YOUR GOAL:
The lines in the listing below are to be given again exactly, starting at the line holding "Mercedes-Benz ML W164" and ending at the line holding "2019 Volvo XC40 Momentum". Do not include pictures.

SOURCE DATA:
○ ○ ○

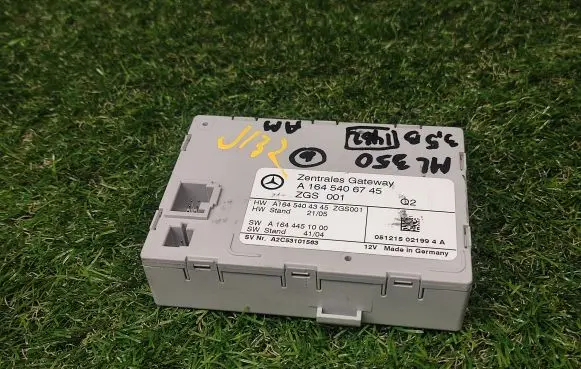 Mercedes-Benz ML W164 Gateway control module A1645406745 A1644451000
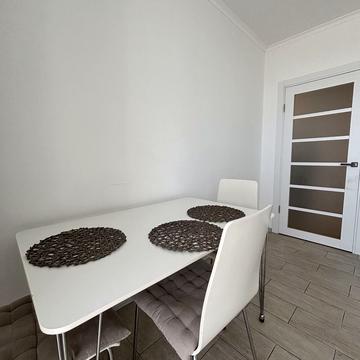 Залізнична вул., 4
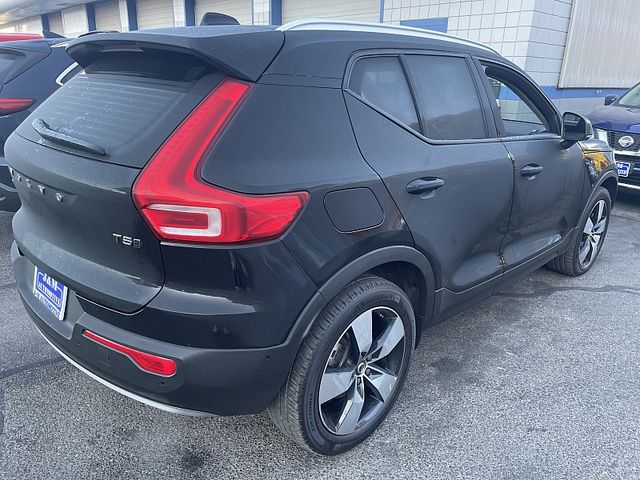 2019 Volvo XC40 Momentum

○ ○ ○

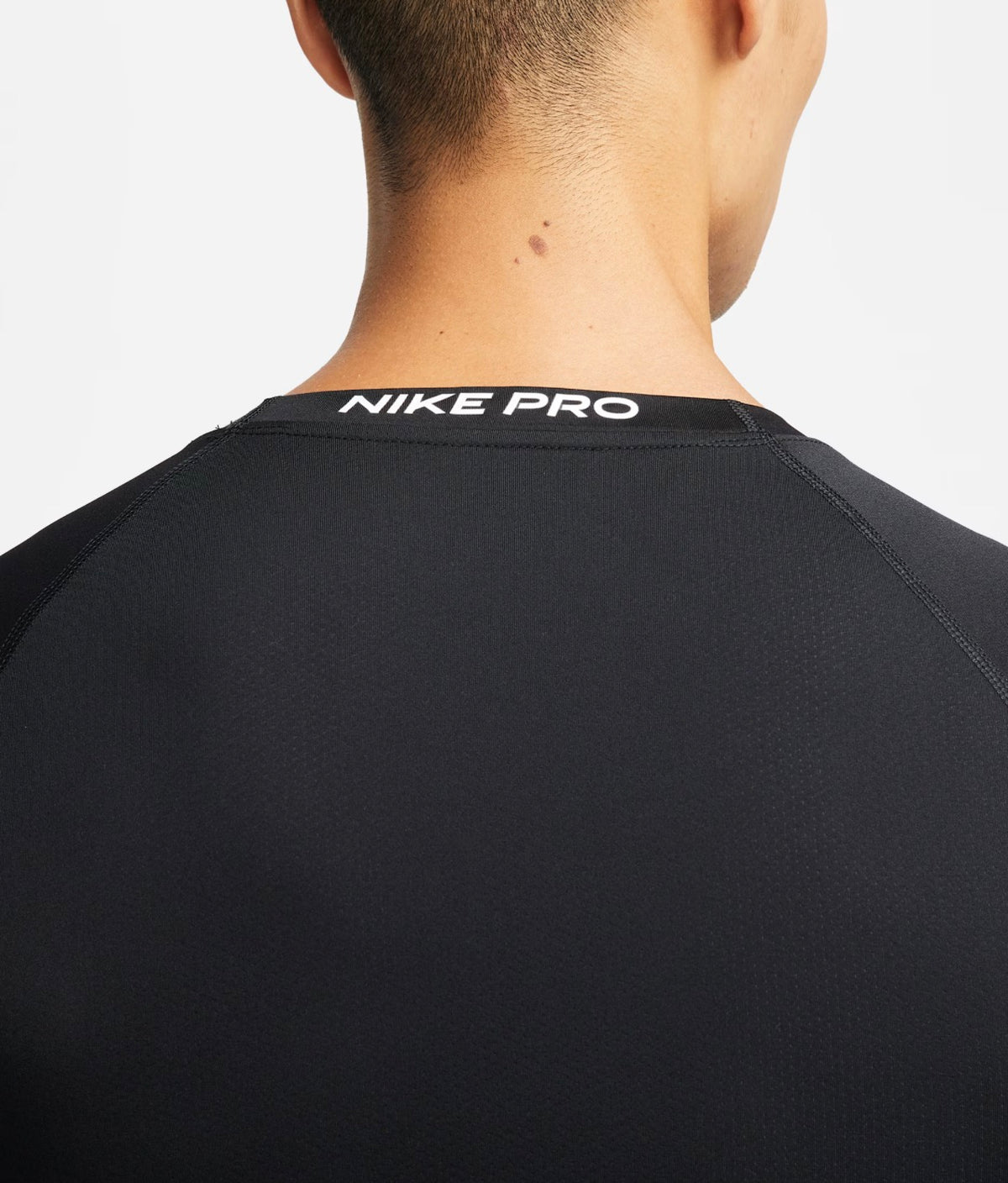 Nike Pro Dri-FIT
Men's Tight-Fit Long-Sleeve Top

○ ○ ○

EXERCISE RESPONSE:
 Mercedes-Benz ML W164 Gateway control module A1645406745 A1644451000
 Залізнична вул., 4
 2019 Volvo XC40 Momentum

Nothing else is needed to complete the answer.